Estamos en plena celebración del bicentenario del Instituto Marista, fundado por Marcelino Champagnat el 2 de enero de 1817 en La Valla (Francia).
El inicio de los actos tuvo lugar de forma descentralizada, a principios de año, en distintos lugares de los cinco continentes. El hermano Emili Turú, superior general, inauguraba una escuela intercultural e interreligiosa en Bangladesh para hijos de los trabajadores de las plantaciones de té. Se rehúyen los fastos para concentrarse en acciones cargadas de significado. Centenares de miles de personas de todas las clases sociales viven esta conmemoración con alegría y esperanza.
El bicentenario se afronta con la mentalidad de un conductor de automóvil. Mirar atentamente hacia delante, con los ojos puestos hacia el futuro, pero de vez en cuando con la mirada de soslayo hacia el retrovisor.
Venimos de un pasado largo, muy largo. En estos doscientos años encontramos múltiples hechos, motivo de agradecimiento y de perdón. Toda biografía personal y colectiva se entreteje de luces y sombras. Surge del corazón una profunda acción de gracias por la entrega de tantos hermanos que han vivido al servicio de la educación de niños y jóvenes desde el arraigo en una espiritualidad mariana. Por la ilusión de los alumnos, por la confianza de las familias, por la entrega de los profesores.

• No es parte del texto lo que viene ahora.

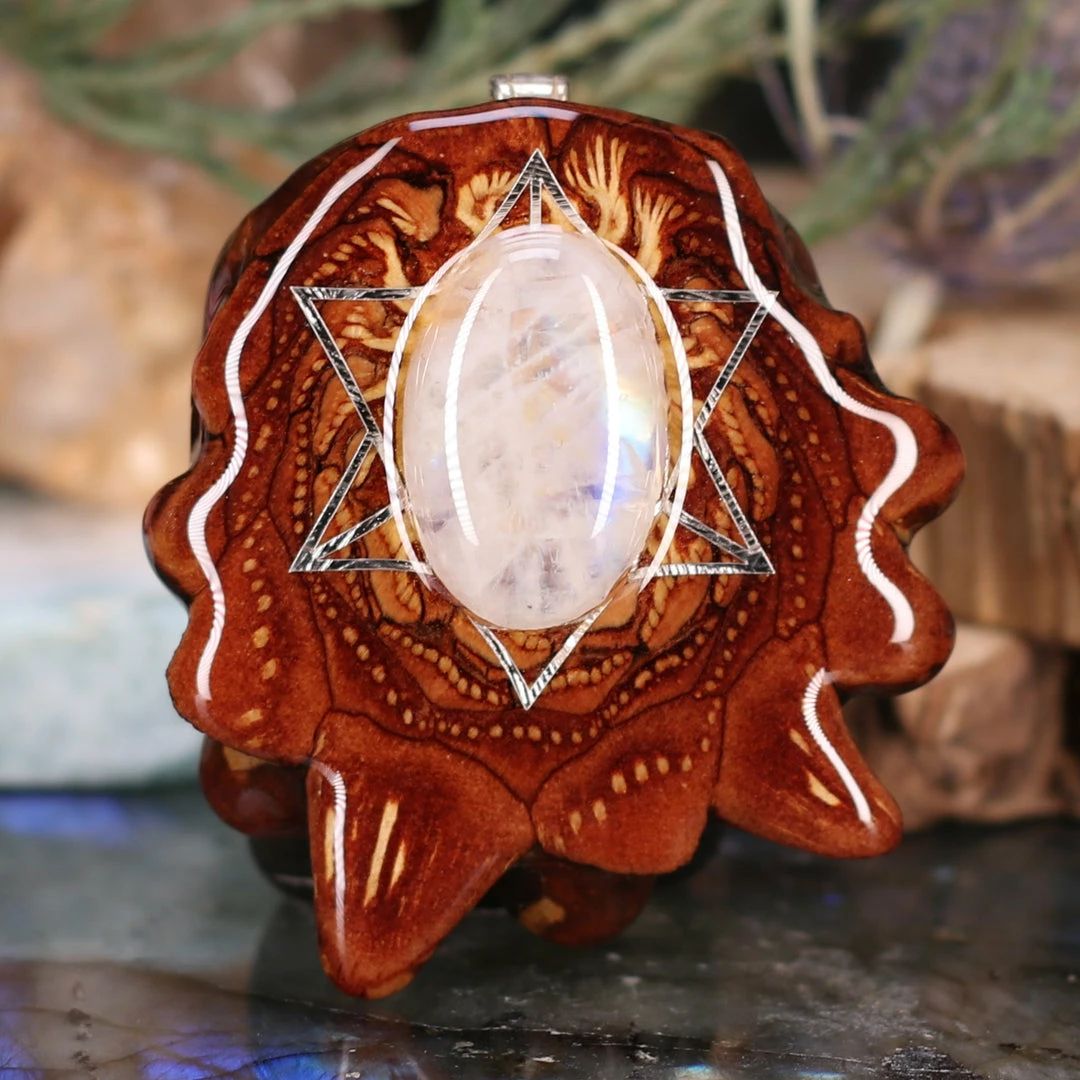 TEP Pendants Moonstone With Silver Merkaba 3 TEP Pendants Moonstone With Silver Merkaba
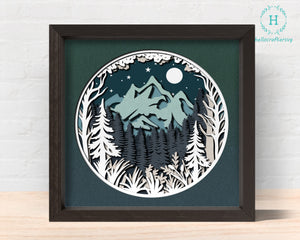 3D Mountain and Forest Shadow box Svg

Tiempos tranquilos, los menos, y tiempos convulsos, los más. Incluso 176 hermanos han sido testigos de la fe en España hasta el martirio. Un esfuerzo sin desfallecimiento a favor de los más necesitados para proporcionarles oportunidades educativas. También brota el sentimiento de pedir perdón por no haber estado siempre a la altura de la misión recibida o por haber frustrado expectativas razonables.
El proyecto de Champagnat tiene una dimensión eclesial. No se reduce a las comunidades de hermanos. Este carisma representa un don del Espíritu para la Iglesia en beneficio de la sociedad. Laicos, hombres y mujeres, pueden sentirse llamados a vivirlo.